Il Comune di Genova ha definito le nuove Linee Guida per i servizi di mobilità in sharing a due ruote, avviando una fase di sperimentazione per il biennio 2026-2027. L’obiettivo dell’Amministrazione è garantire un servizio efficiente e complementare al trasporto pubblico, tutelando al contempo il decoro urbano e la sicurezza dei cittadini.
Il nuovo regolamento si applica esclusivamente a biciclette (muscolari e a pedalata assistita), cargo e-bike e scooter elettrici, escludendo espressamente altri mezzi di micromobilità come monopattini, segway e hoverboard.
Tra le principali novità, un numero massimo di 4 operatori per non sovraffollare gli spazi pubblici, limiti di velocità a 6 km/h nel Centro Storico e 20 km/h nel resto del territorio comunale, obbligo di foto a fine noleggio a tutela del decoro urbano.
"Si tratta di un aggiornamento delle vecchie linee guida che, come Amministrazione, non abbiamo ritenuto sufficientemente adeguate dal punto di vista tecnologico e della diffusione territoriale, e incapaci quindi di promuovere realmente la sharing mobility di biciclette, scooter elettrici e cargo e-bike – dichiara l’assessore alla Mobilità sostenibile Emilio Robotti –. L’obiettivo è quello di favorire la crescita e la diffusione della mobilità condivisa, con importanti benefici attesi in termini di diminuzione dell’inquinamento e decongestionamento del traffico, nel rigoroso rispetto della sicurezza pubblica e della vivibilità urbana, grazie ad una serie di prescrizioni molto puntuali rivolte agli operatori che andranno a fornire i servizi all’utenza".
Oggi "partiamo con una sperimentazione di durata biennale: un periodo che ci aiuterà a monitorare gli effetti di questa riforma che rappresenta un tassello di una più ampia strategia di miglioramento della mobilità urbana – conclude l’assessore Robotti – attraverso la fornitura di servizi sempre più accessibili, capillari e personalizzati in funzione delle esigenze quotidiane di cittadine e cittadini".

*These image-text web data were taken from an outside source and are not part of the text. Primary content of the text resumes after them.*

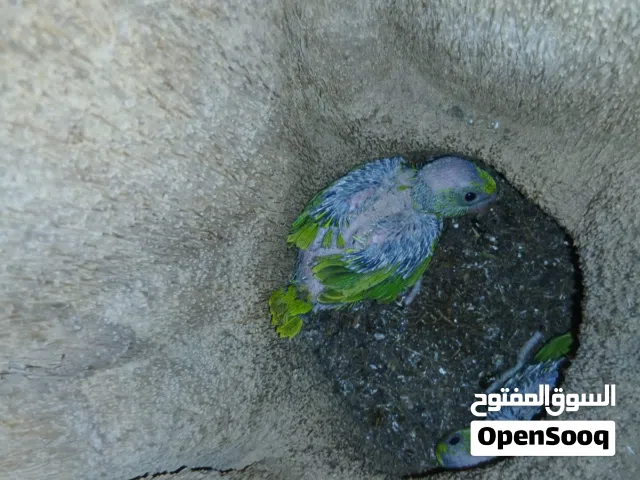 متوه   صغار   نشرا إعلان فقط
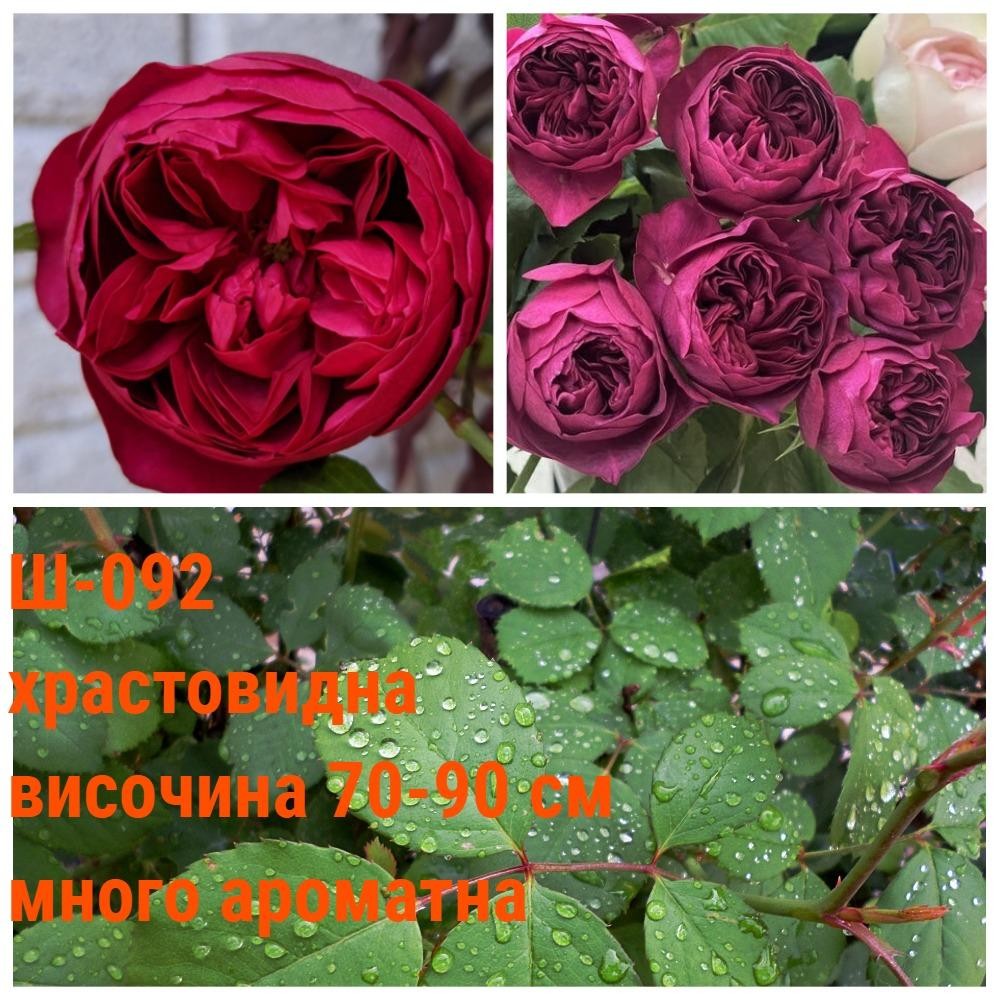 Ш-092 - Роза в саксия 2 л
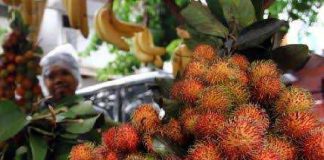 Rambutan Si Batuwalang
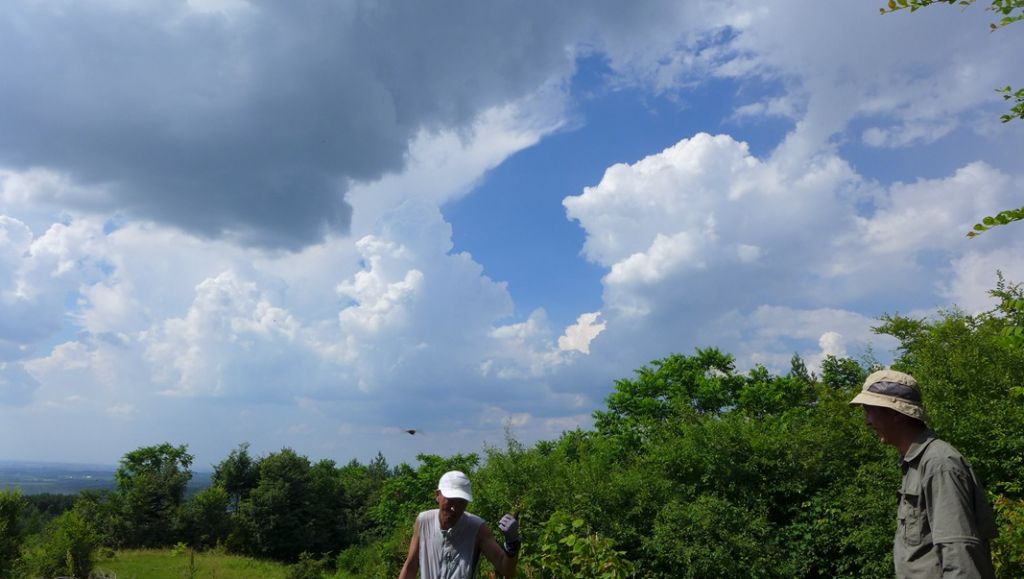 P1000258_����.jpg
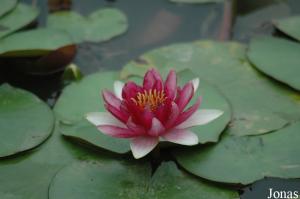 Nénuphar Nymphaea tragona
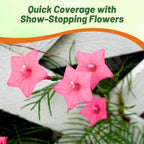 Outsidepride Rose Cypress Vine Seeds - 200 Pcs Annual Flower Seeds with Nectar-Rich, Star-Shaped Flowers & Feathery, Fern-Like Leaves for Fences, Trellises, Pergolas & Vertical Gardens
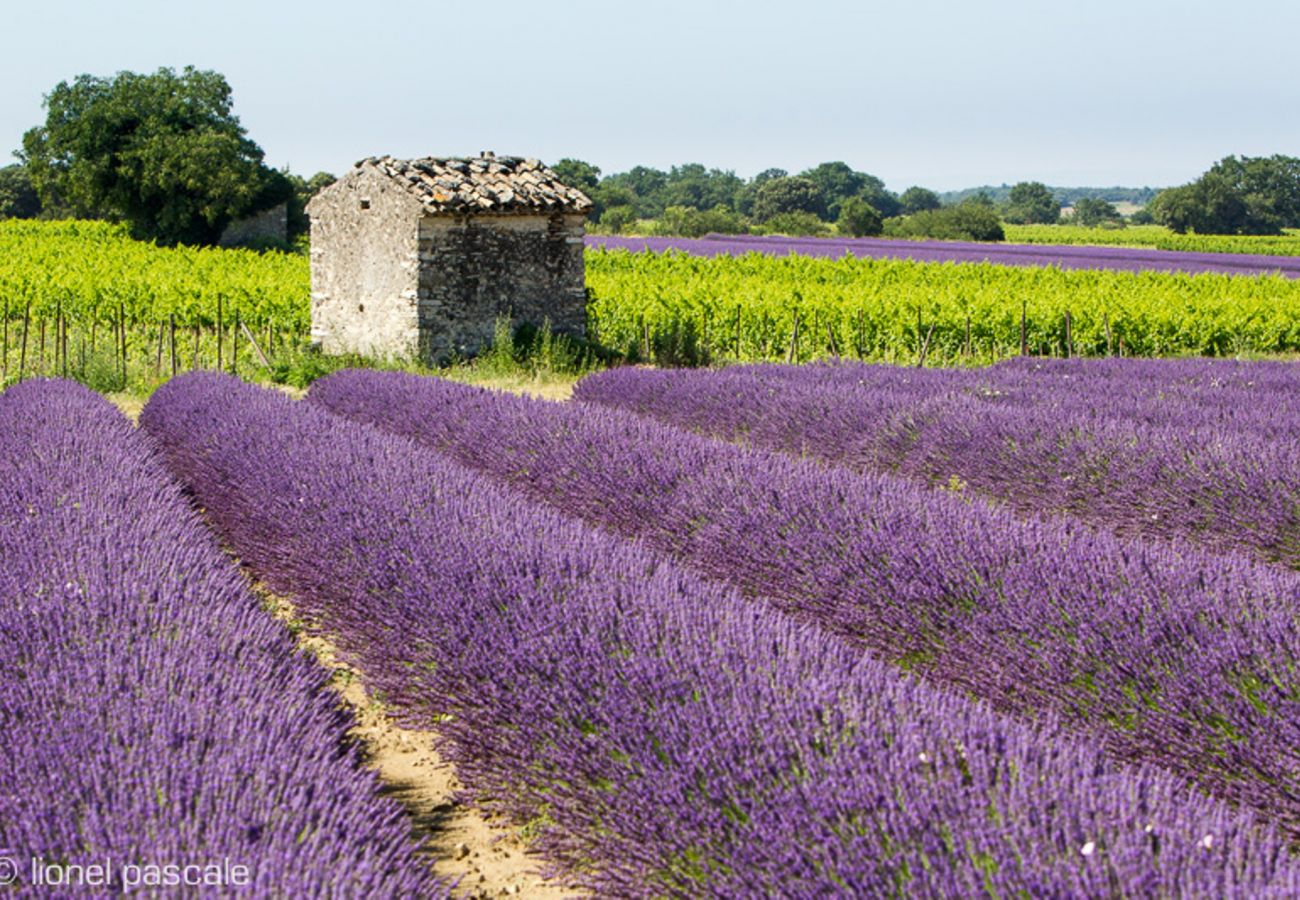 Maison à Rochegude - Maison de Village, authenticité, charme avec piscine privée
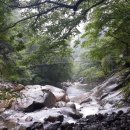지리산한방흑돼지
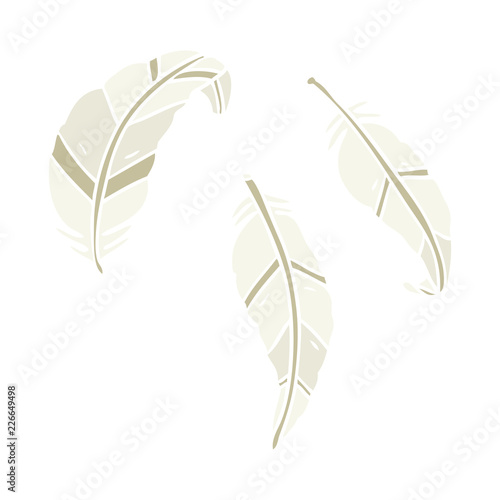 flat color style cartoon feathers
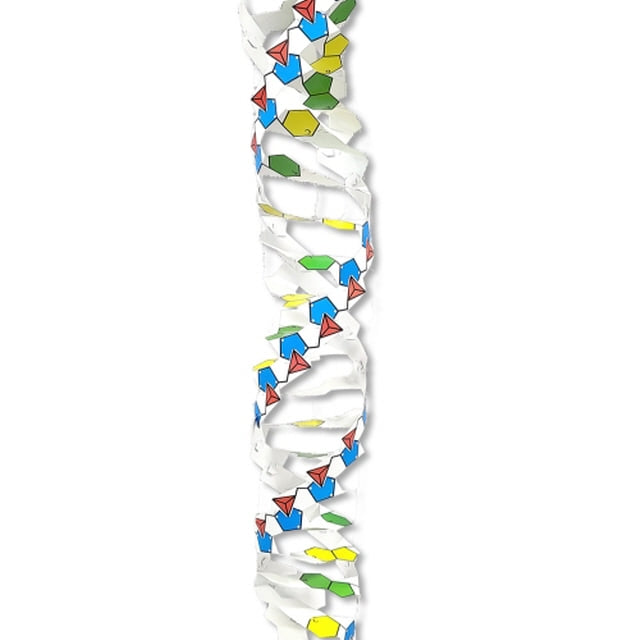 풀 없이 만드는 DNA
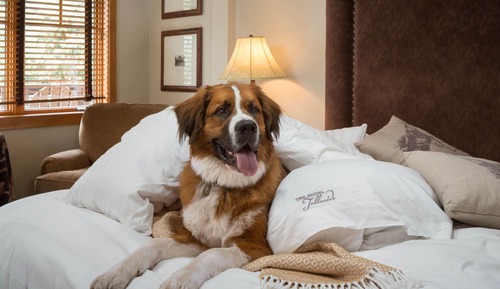 Habitación superior, 1 cama de matrimonio grande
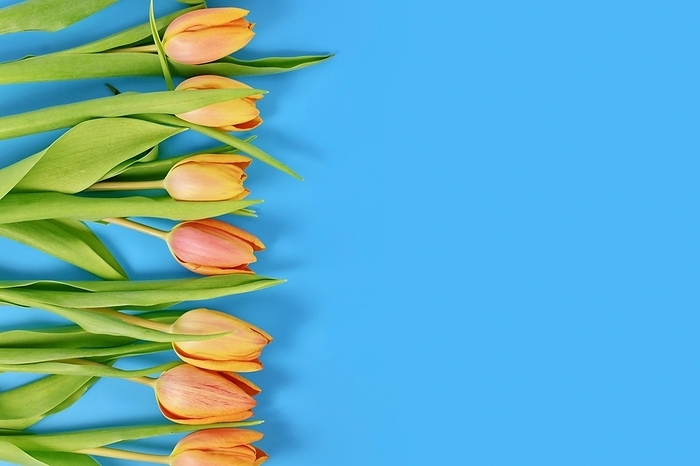 Orange Tulip spring flowers on blue background with copy space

Contingentamento operatori e numero complessivo dei mezzi
Per evitare il sovraffollamento dello spazio pubblico, l’Amministrazione ha stabilito un numero massimo di 4 operatori. La flotta complessiva sull'intero territorio comunale non potrà superare i 2.350 mezzi, così ripartiti:
- 2.000 biciclette tra muscolari e e-bike;
- 300 e-scooter;
- 50 cargo e-bike.
Regole ferree per la sosta e il decoro
Al fine di preservare la qualità storico-artistica della città, vengono introdotte regole stringenti per il parcheggio:
- Centro Storico: la sosta è consentita esclusivamente nelle aree prestabilite e segnalate;
- Resto della Città: è possibile parcheggiare a bordo strada o negli spazi per moto/bici, ma vige il divieto assoluto di sosta sui marciapiedi;
- Obbligo di verifica: al termine del noleggio, l’utente dovrà scattare una fotografia per dimostrare il corretto posizionamento del mezzo. In caso contrario, l'operatore non dovrà consentire la chiusura della corsa.
Gli operatori sono tenuti a rimuovere i veicoli in sosta irregolare o pericolosa entro tempi prestabiliti.
Sicurezza e limiti di velocità
A tutela della sicurezza – prioritaria – di pedoni e utenti, i veicoli dovranno avere una regolazione automatica della velocità:
- 6 km/h nelle aree del Centro Storico;
- 20 km/h nel resto del territorio comunale.
Tecnologia-servizio
Il servizio dovrà essere attivo 24 ore su 24, 7 giorni su 7. Tutti i mezzi saranno dotati di codice identificativo univoco e GPS.
L’Amministrazione Comunale si riserva di aggiornare queste linee guida sulla base dei risultati monitorati durante la sperimentazione, per assicurare sempre il miglior equilibrio tra mobilità sostenibile e vivibilità cittadina.